How does an EFF minority of two achieve such outsized influence? In essence, by radicalising and co-opting a weak and divided ANC. Malema has a network of ANC informants and collaborators. He also understands ANC’s organisational culture better than most of the party’s own public representatives. And so he has the unique ability to hack into ANC factional battles to advance his personal and political agenda. 

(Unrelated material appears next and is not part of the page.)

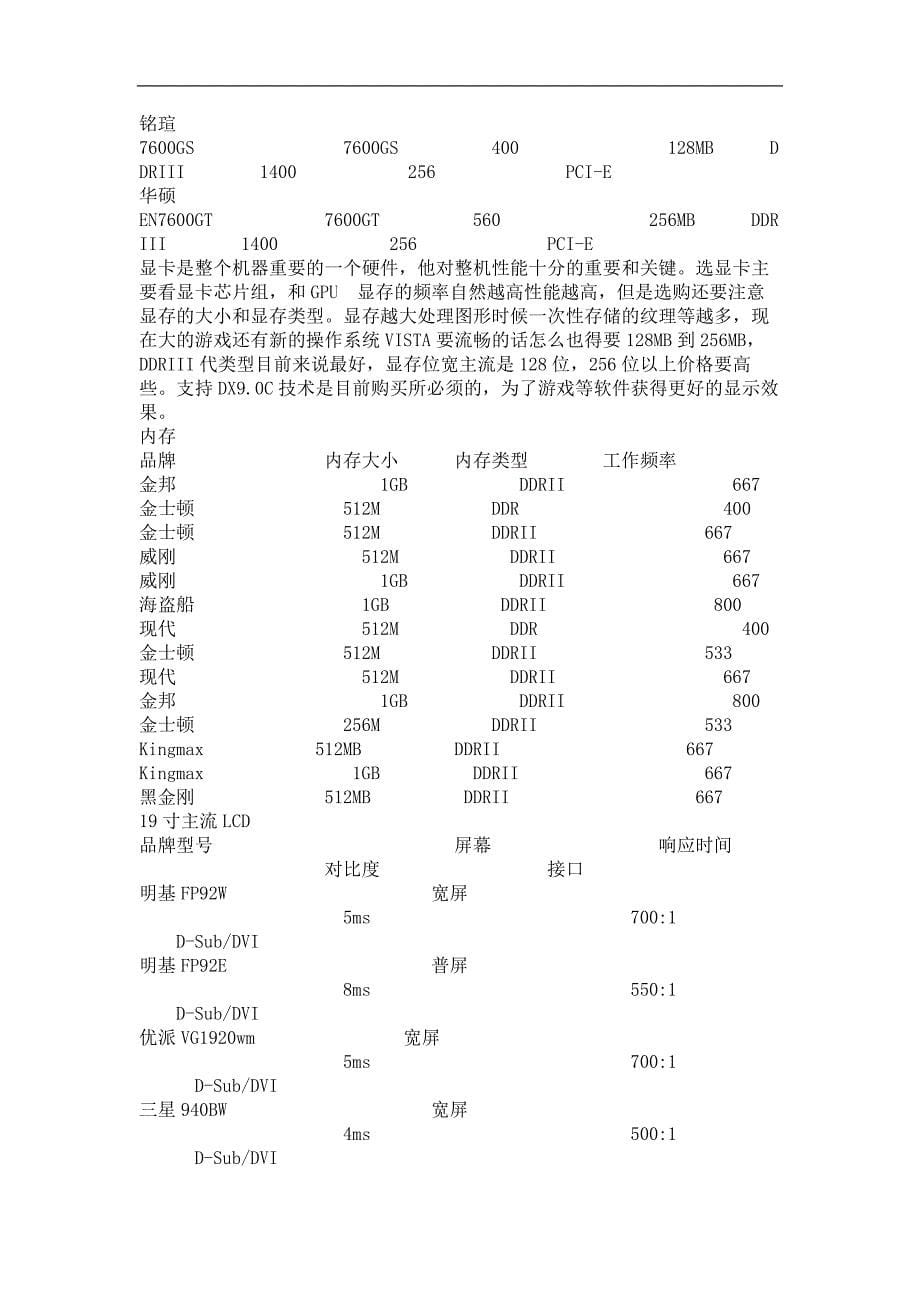 最佳的电脑配置方法(DOC)_第5页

Far from serving as a counterweight to the ANC, the EFF actually brings out the worst in the ANC, and then reinforces it. The result? Current and former ANC-dominated institutions that are more racist, more corrupt, and less committed to the country’s liberal democratic constitutional order. This happens not just in the JSC, but anywhere that EFF petrol is poured on a lukewarm ANC fire. 

Of this I have first-hand experience. For three years I served in a DA-led minority government in Tshwane, where the DA, FF-Plus, ACDP and Cope relied on the EFF's support to pass budgets, approve appointments, and make other key decisions that require a majority. Thankfully, Tshwane now has a coalition government with its own majority, but who knows what might happen if Mashaba and ActionSA cannot shake their attachment to the EFF?

After the ANC was defeated in Tshwane in 2016, the EFF used almost every opportunity to manipulate municipal processes for the benefit of the party and its leaders. The worst example of this is the way in which the EFF protected a municipal manager against a council investigation into tender irregularities. ANC councillors were co-opted to this cause.  

For months this informal coalition stymied the city government’s ability to make effective decisions. So while the EFF was happy to remove the ANC from power, it actively undermined efforts by the DA and our coalition partners to overturn the ANC’s legacy of corruption and mismanagement. What happened in Johannesburg under Mashaba's mayoralty is a story of its own, but unlike his DA counterpart in Tshwane, Solly Msimanga, Mashaba refused to stand up to the EFF.

This was a dreadful time for the DA, which we never want to relive, but it also provided us with crucial lessons about a post-ANC political order. Lesson one: the EFF is not an opposition party, it is a faction of the ANC. Lesson two: the EFF is not a check on ANC power, they are the true believers of the worst ANC excesses. Lesson three: the EFF is not the secret ingredient that will make a post-ANC coalition government succeed, it is the infiltrator who will sabotage such a coalition from within. And, judging by the behaviour of EFF councillors in working with the ANC to disrupt council meetings in the metros, little has changed since the 2021 local government election.

This is why the DA finds it quite easy to resist Joubert’s advice and Mashaba’s demands. Of course it will be difficult to keep minority coalitions like the one in Ekurhuleni standing. Still, the chance of good government is far better without the toxic influence of the EFF at the heart of decision-making. This applies not only to Ekurhuleni, but also to a national coalition government after the 2024 general election.

This is an edited version of an article that first appeared on Netwerk24 on 18 February 2022.